Items from a data source

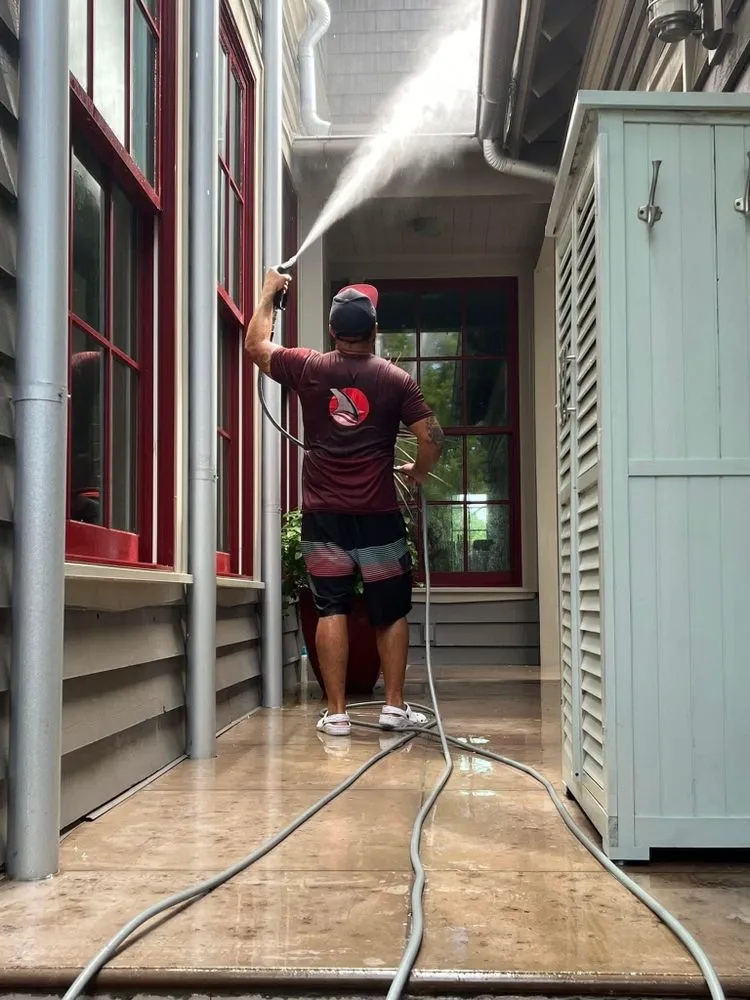 Custom lawn mowing service with custom design in Lynn Haven, FL by Landshark Pressure Washing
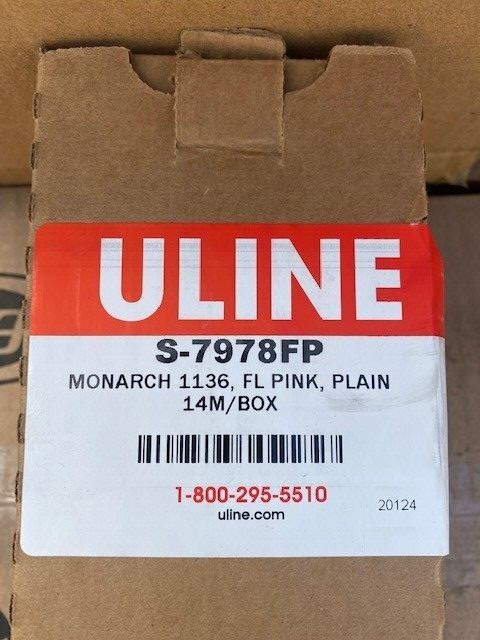 ULine S-7978FP / Monarch 1136® Labels – Fluorescent Pink – Case of 64 rolls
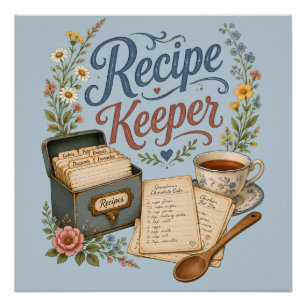 Vintage Floral Recipe Keeper Cottagecoreue Blue Poster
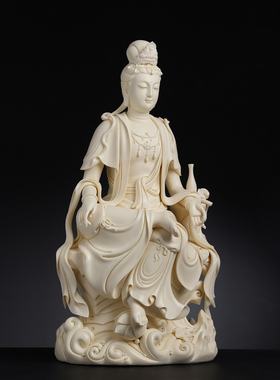 戴玉堂陶瓷林建平《坐浪自在观音》佛像供奉观世音菩萨摆件装饰品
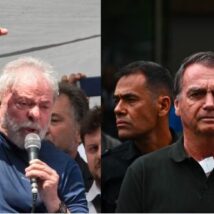 Lula em 2018, no comício que fez antes de se entregar à Polícia Federal, e Bolsonaro em setembro deste ano, durante saída autorizada da prisão domiciliar para atendimento médico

WHAT YOU WILL DO -> Copy exactly and only this span: the line with "Vintage Floral Recipe" through the final line of the entries, both ends included, with the pictures left out.

YOUR SOLUTION ->
 Vintage Floral Recipe Keeper Cottagecoreue Blue Poster
 戴玉堂陶瓷林建平《坐浪自在观音》佛像供奉观世音菩萨摆件装饰品
 Lula em 2018, no comício que fez antes de se entregar à Polícia Federal, e Bolsonaro em setembro deste ano, durante saída autorizada da prisão domiciliar para atendimento médico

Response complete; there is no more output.